In estrema sintesi, ribadisce che le misure sul super Green pass non valgono per l’accesso ai luoghi di lavoro ai sensi e per gli effetti di cui all’art. 9-septies del DL n. 52/2021, per il quale continua a valere la certificazione verde Covid-19 “base”: vaccinazione, vaccinazione post guarigione, guarigione e tampone.
Considerazioni astratte e ricadute pratiche, anche in termini privacy
Partiamo da un dato, seppure teorico, certo.
Il DL 172 del 26/11/2021 con il quale è stato introdotto il Green pass “rafforzato” temporaneo poiché valevole dal 06/12 al 15/01, non prevede alcuna necessità del Super Green pass per l’accesso ai luoghi di lavoro, tant’è che non ne fa alcun minimo cenno.
Dal punto di vista pratico, alcuni aspetti dai quali si evince che un aggiornamento al Protocollo si impone, attuandosi in maniera molto semplice:
- Aggiornando le istruzioni per i verificatori (che devono usare la modalità “Tipologia di verifica: Base”);
- Se presente una mensa aziendale, come da tabella sopra riportata, è chiaro: l’accesso alle mense per i lavoratori pubblici e privati (eccetto per i lavoratori pubblici per i quali vige l’obbligo vaccinale) è consentito con il solo Green pass “Rafforzato”, occorrendo quindi una (doppia) verifica al momento dell’accesso al locale a ciò adibito.
Un problema resta aperto e cioè valutare cosa fare con chi avesse deciso di consegnare copia del Green pass, per quanto con il 15 gennaio si tornerà alla “normalità” del Green pass basico, o quanto meno si spera.
Nel frattempo, è giunto l’OK dal Garante Privacy alle nuove modalità per (la presunta) revoca del Green pass in caso di positività, oltre all’uso del super Green pass, esprimendo in via di urgenza un parere favorevole ad uno schema (presunto) di decreto.
Con riferimento ai luoghi di lavoro, per quanto qui ci interessa, i datori «…dovranno effettuare controlli periodici sulla validità delle certificazioni verdi consegnate dai lavoratori. […]. In particolare, lo schema di decreto, accogliendo l’invito più volte espresso dall’Autorità, dà piena attuazione alla revoca delle certificazioni verdi, in caso di contagio sopravvenuto, tramite una procedura che prevede anche che l’interessato venga informato, utilizzando i dati di contatto dallo stesso forniti.»
Attendiamo gli ulteriori sviluppi con l’ufficialità del decreto.
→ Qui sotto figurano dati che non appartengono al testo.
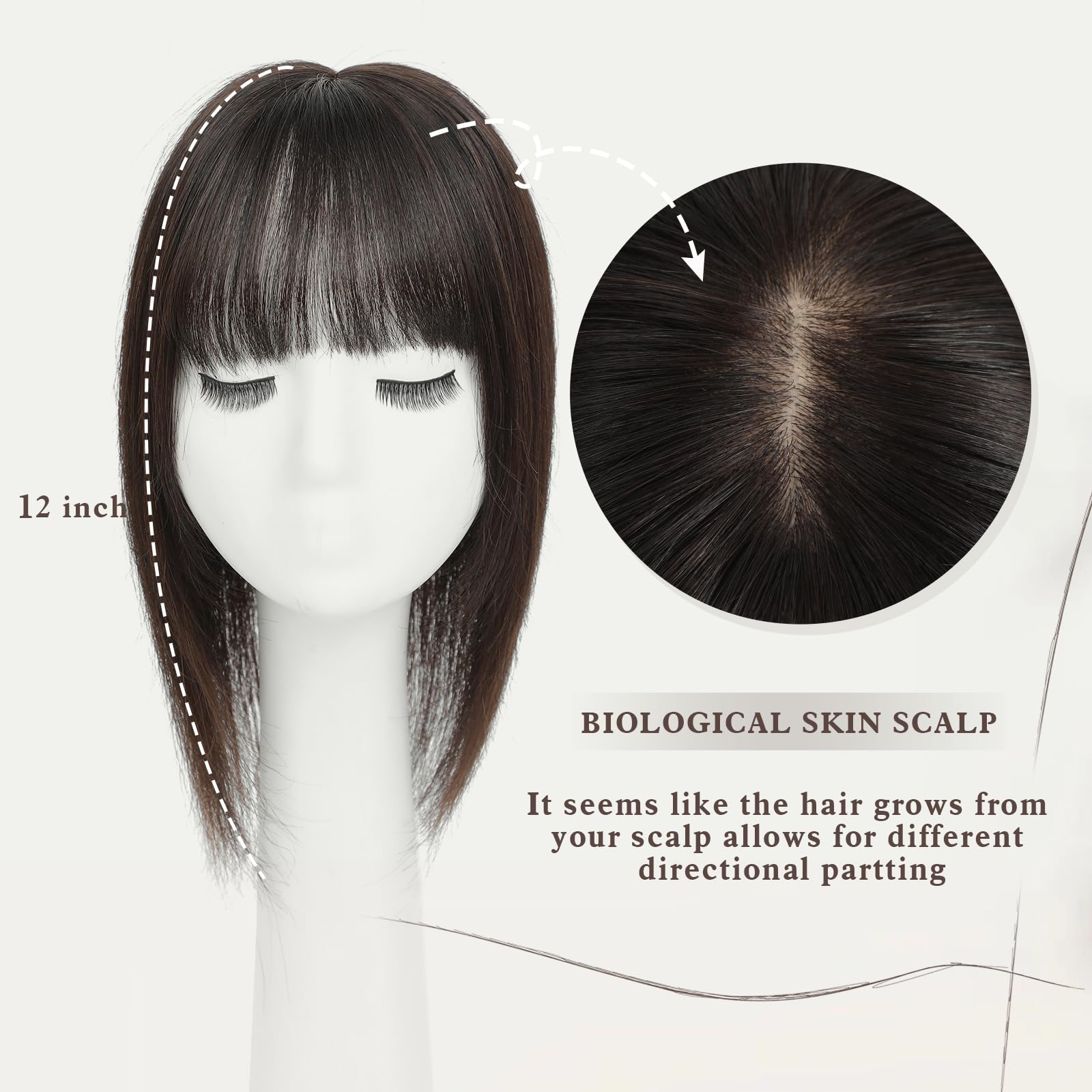 Aimeolyn Real Human Hair Toppers for Women with Bangs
In Gazzetta il DPCM sulla revoca
A distanza di sei mesi, ecco che in Gazzetta Ufficiale è approdato il DPCM di «Modifiche al decreto del Presidente del Consiglio dei ministri del 17 giugno 2021 in ordine alle disposizioni attuative del decreto-legge 26 novembre 2021, n. 172. (GU Serie Generale n.299 del 17-12-2021)».
Si tratta dell’ultimo Dpcm con il quale vengono indicate le modalità per la revoca del Green pass nel caso in cui si dovesse risultare positivi in corso di validità del rilasciato green pass.
La revoca, stando a quanto si legge nel testo, dovrebbe essere generata automaticamente grazie all’interoperabilità della “Piattaforma nazionale-Dgc”.
Dopo un tampone negativo viene automaticamente riattivato il super green pass e con un certificato di guarigione prodotto da medico o Asl si ottiene il nuovo super green pass.